JJ Donnelly

Personal information
- Full name: Joshua James Donnelly
- Date of birth: 6 March 1997 (age 28)
- Place of birth: London, England
- Height: 1.90 m (6 ft 3 in)
- Position(s): Forward

Youth career
- 2004–2013: Brentford
- 2013–2015: Dover Athletic

College career
- Years: Team / Apps / (Gls)
- 2015–2016: EFSC Titans / 36 / (22)
- 2017–2018: Campbell Fighting Camels / 36 / (24)

Senior career*
- Years: Team / Apps / (Gls)
- 2016: Jacksonville Armada U-23 / 8 / (2)
- 2018: SIMA Águilas / 12 / (4)
- 2019: South Georgia Tormenta FC 2 / 12 / (6)
- 2019–2021: Greenville Triumph / 58 / (15)

= JJ Donnelly =

English association football player

Joshua "JJ" Donnelly (born 6 March 1997) is an English footballer who plays as a forward.

==Career==
Donnelly was a student at The Abbey School, Faversham and played academy football for Brentford and Dover Athletic.

===College===
Donnelly began playing college soccer at Eastern Florida State College, where he played two seasons before transferring to Campbell University in 2017.

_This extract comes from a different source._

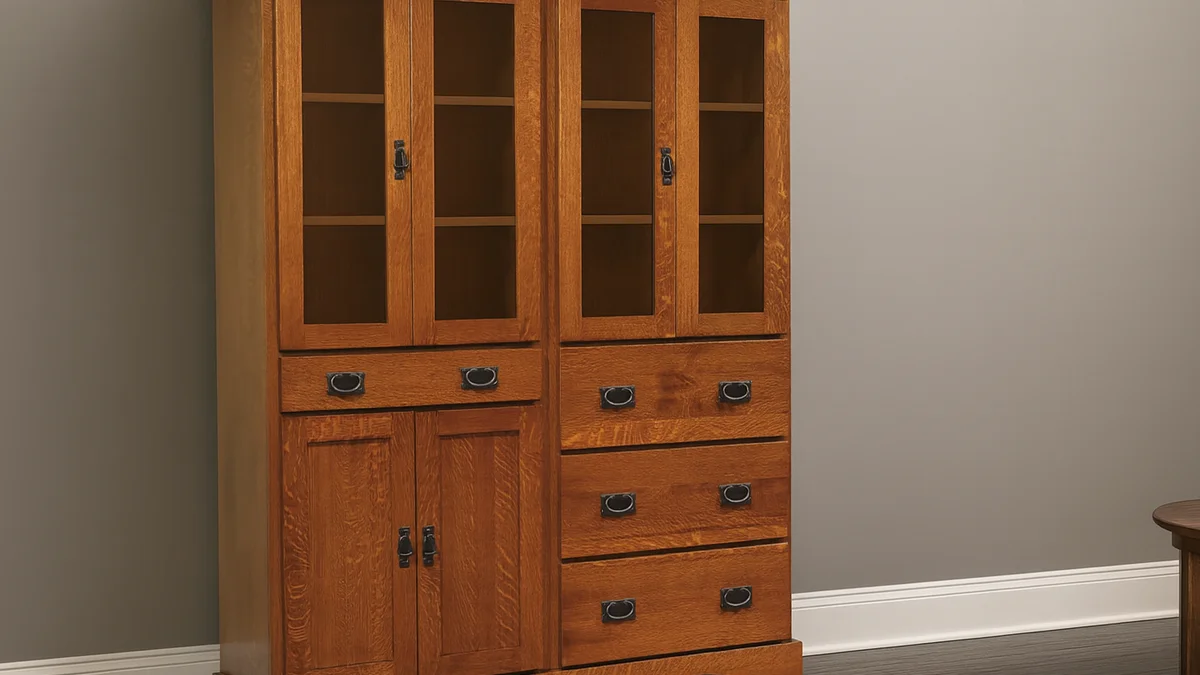 White Oak Bookcases
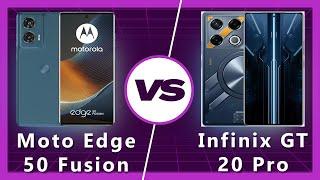 Infinix GT 20 Pro vs Moto Edge 50 Fusion Gaming Beast ️ or All-Rounder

While at college, Donnelly played with National Premier Soccer League side Jacksonville Armada U-23 in 2016, and USL PDL side SIMA Águilas in 2018.

Following college, Donnelly continued in the PDL, now rebranded as USL League Two, with South Georgia Tormenta FC 2.

===Professional===
On 8 August 2019, Donnelly signed for USL League One side Greenville Triumph SC. In September 2021, Donnelly suffered a season-ending knee injury in training.